We have had a lot of fun the last few weeks celebrating Christmas time in our own way. A part of it has been lonely not anticipating a fun trip to Salt Lake like last year full of Christmas traditions, but we have done little things to make it special. Thatcher has been helping me a lot in the kitchen. He wanted to make candy cane cookies, so we did that. He has also helped me to make other things like ginger cookies, chocolate cookies with candy cane kisses on top (9 dozen of them! I took them to a cookie exchange and they won the prize for prettiest cookie). We have done some fun activities like m&m wreaths, and paper trees, we made our own snow globe, and we made a tree with decorations out of felt.

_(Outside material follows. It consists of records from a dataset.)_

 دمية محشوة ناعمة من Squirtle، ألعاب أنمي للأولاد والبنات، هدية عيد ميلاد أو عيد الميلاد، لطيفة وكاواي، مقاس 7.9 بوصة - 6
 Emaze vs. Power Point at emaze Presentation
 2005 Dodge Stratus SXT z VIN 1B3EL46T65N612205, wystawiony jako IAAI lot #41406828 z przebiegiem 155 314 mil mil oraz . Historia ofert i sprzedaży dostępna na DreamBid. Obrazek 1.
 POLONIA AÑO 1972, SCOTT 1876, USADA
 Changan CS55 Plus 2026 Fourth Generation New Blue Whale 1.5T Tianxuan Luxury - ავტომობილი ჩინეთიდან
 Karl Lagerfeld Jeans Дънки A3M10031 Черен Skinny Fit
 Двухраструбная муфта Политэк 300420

Thatcher gets excited about everything we do so it has motivated me to find some ideas for celebrating the season.
We also made gingerbread houses with graham crackers. We made Thatchers and once James had completely devoured it (it took a few days of very hard work), we decorated James's and then the boys did the same on that one. I was pretty impressed that they managed to eat every last bit of both houses.

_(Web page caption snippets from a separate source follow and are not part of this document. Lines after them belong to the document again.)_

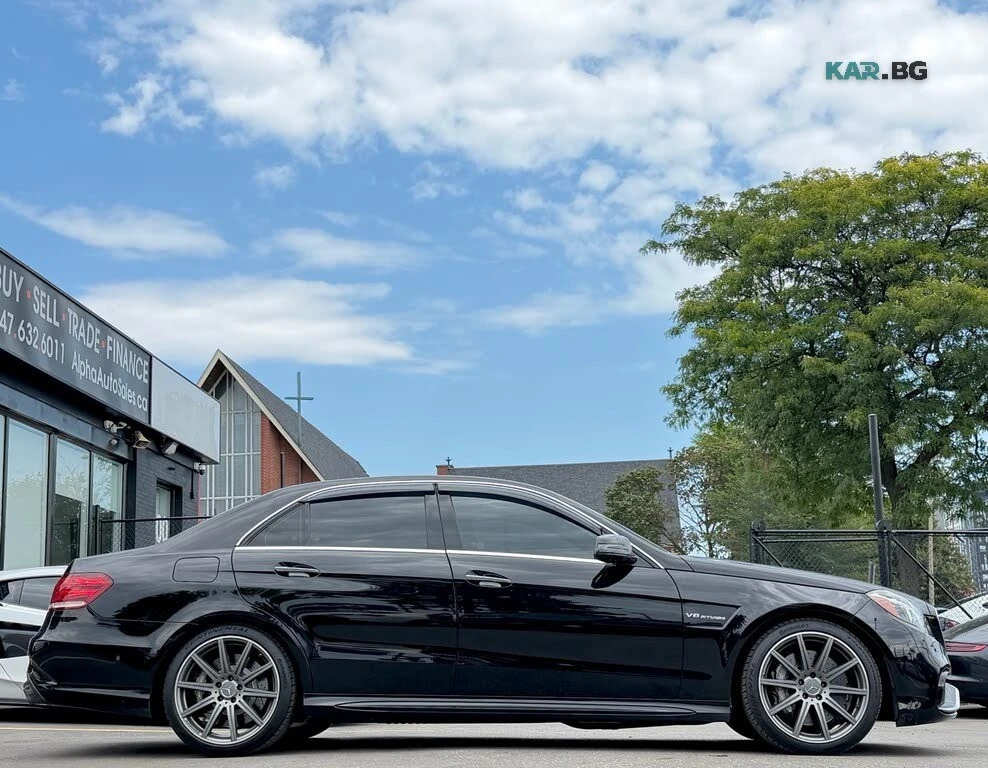 Mercedes-Benz E 63 AMG АвтоКредит * (ЦЕНА ДО БГ), снимка 6 - Автомобили и джипове - 56342466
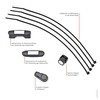 NC-17 4088 Unisex Velocomputer Set, Bicycle Sensor, Dual Band Speed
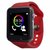 Smart Watch Celular Reloj Touch Rojo Bluetooth Necnon C-3t 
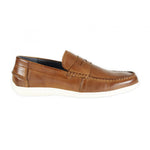 Front Classic Men's Lightweight Loafer Trainers Tan: LC HAMILTON
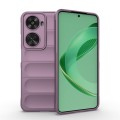 For Huawei nova 11 SE Magic Shield TPU + Flannel Phone Case(Purple)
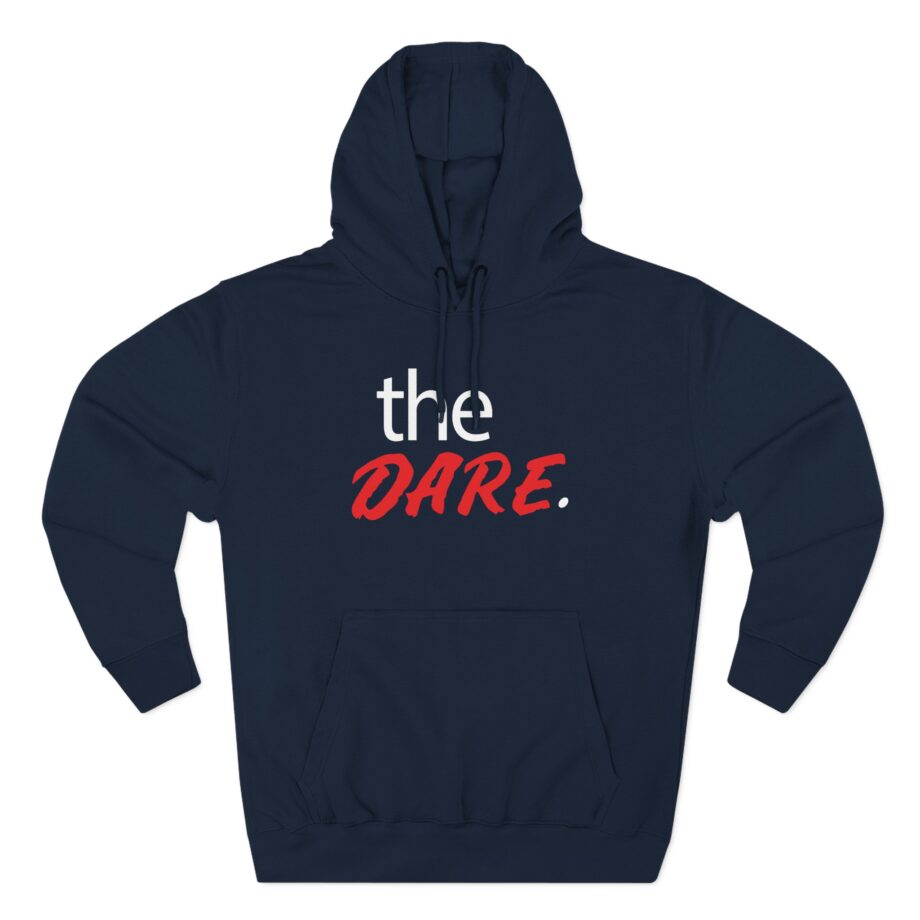 The Dare Three-Panel Fleece Hoodie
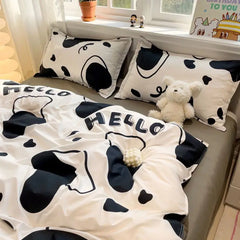 Cute Cat Bedding Set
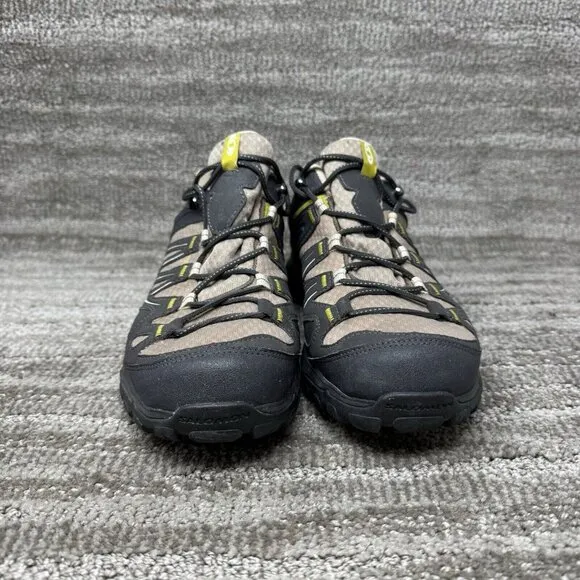 Salomon Gore-Tex Ellipse GTX Hiking Shoes Sneakers 8.5 US Womens 145464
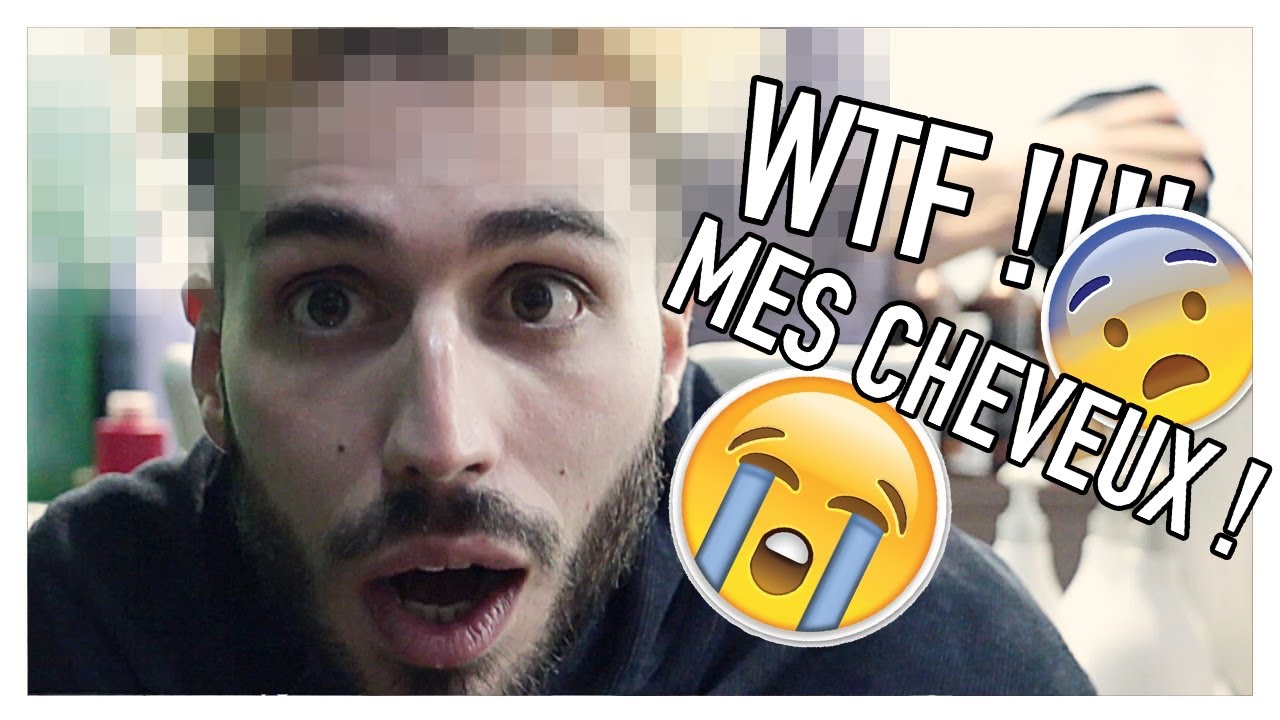 OMG ! QU'EST CE QUE J'AI FAIT A MES CHEVEUX ?!! - VLOG - FT/ LOUNGECUT | Jordan MKP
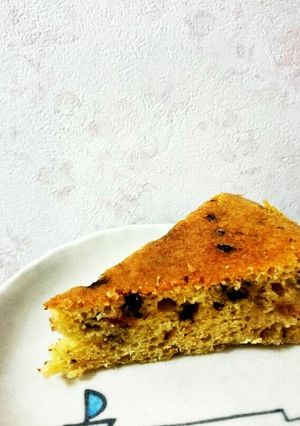 苺とチョコのふんわり炊飯器ケーキ-レシピのメイン写真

My mind is drawing a blank on other things we did to celebrate. Each day the boys would get a treat out of the advent calendar until a week before Christmas when James just couldn't handle it any more and ate all the candies that were left. We also kept track of the days until Christmas with a cottonball beard we built for Santa. Eugene the Elf was a fun tradition we officially started this year (he never got named last year and Thatcher was a little too young to understand). Eugene did some funny things like flying from the ceiling fan and the boys loved finding him in different places around the house.

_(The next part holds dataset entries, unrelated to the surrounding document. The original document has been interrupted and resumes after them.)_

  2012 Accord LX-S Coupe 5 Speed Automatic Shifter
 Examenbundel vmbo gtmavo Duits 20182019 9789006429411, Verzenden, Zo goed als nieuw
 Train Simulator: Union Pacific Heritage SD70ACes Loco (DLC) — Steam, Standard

We read Christmas stories every night and Ty converted the boys to 'Silent Night'. If you try to sing anything else to them at bedtime you will be rudely interrupted and told to sing 'Silent Night' instead. Thatcher embraced everything Christmas we shared with him and he loved learning about Jesus and playing with the "activities" (what he calls nativities).

At our ward Christmas party James spent the majority of the evening trying to eat all the butter, and Thatcher spent the majority of the evening in the nativity room looking at different nativity scenes and watching a short movie on the birth of Christ. I tried to get him to go to Mrs. Claus's story time or the craft room where they made decorations, but all he wanted to do was look at the baby Jesus. I thought that was pretty sweet.
Ty and I got to celebrate in other ways. We had a nice night at the Coconino County Bar Association's Christmas party where Ty was voted in as President. I also went to a fun Christmas craft night, an ugly Christmas sweater themed Bunco night, a cookie exchange where I left with a ton of really great treats, and I helped plan and put on our Relief Society Christmas dinner that was a mediocre success. I also helped teach a special Christmas lesson with the rest of the presidency the week before Christmas. It was a super busy month to say the least, but all the Christmas activities helped me to be a little less homesick for my family.
We got a big snow storm a couple weeks before Christmas and the boys played for a long time with their dad in the snow. They sled and built a snowman with chocolate cookie eyes.
I am so grateful for my kids to help make Christmas magical again. Without them it would just be a lot of decorating, baking, and party planning, with no one to really make it meaningful (and force me to stay in the 'nativity room' all night thinking about the Savior instead of all the other less important things).